Culture Wars/Current Controversies

Many causes to recent decline in American religiosity; but U.S. more religious now than at Founding

The founding generation of Americans during the revolutionary period were not especially religious. The leadership was comprised mostly of nominal Anglicans, lukewarm or lapsed adherents of the Reformation churches, deists, Freemasons, and (probably) some closet atheists. A few, like Patrick Henry, were low church pietists associated with the “Great Awakening,” which was most popular among the lower classes. One of the signers of the Declaration of Independence, John Witherspoon, was a Presbyterian minister.

By Christopher White

Crux Now

NEW YORK — While American religiosity may be in rapid decline, a new study reveals that the United States remains more religious than many other countries and is presently more religious than at many other times in its own history.

Further, the study posits that the social, political, and legal environment in the country has become less hospitable to all religions over the last 75 years and argues that decreased religiosity can be attributed to more secularized education and a decline in marriage.

The study, “Promise and Peril: The History of American Religiosity and its Recent Decline” was released on April 30 by the American Enterprise Institute (AEI) and is authored by Lyman Stone, an AEI adjunct fellow and a research fellow at the Institute for Family Studies.
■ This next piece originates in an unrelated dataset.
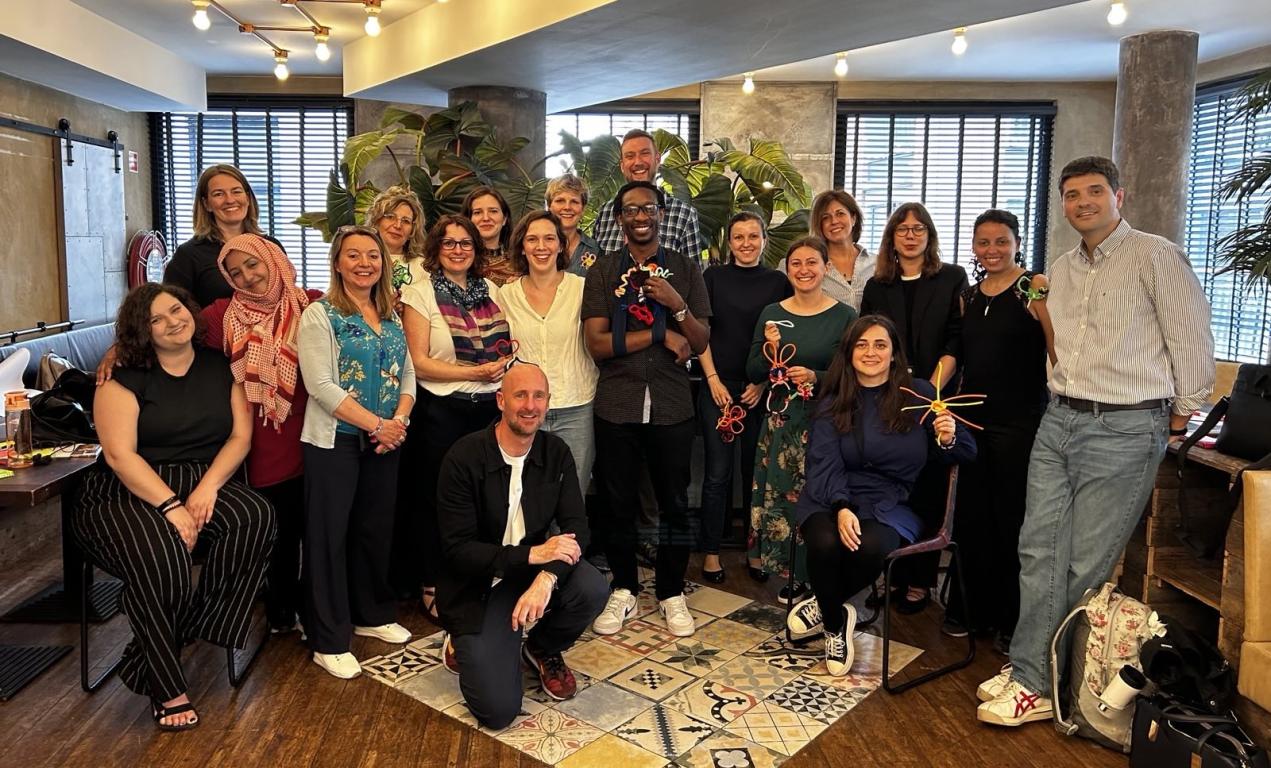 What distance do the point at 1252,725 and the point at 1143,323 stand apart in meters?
1.11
Stone says that America’s decline in religiosity is not evidence of a change in personal preferences, but rather a number of specific policy choices.

In the realm of education, he notes that the rise of the Blaine Amendments in the 19th century, which prohibited direct government aid to religious educational institutions, greatly contributed to widespread loss of religious influence through schools.

Blaine Amendments, which began as an effort by Protestants to limit Catholic influence on society, specifically through education,“ began as discrimination ended as secularization,” writes Stone.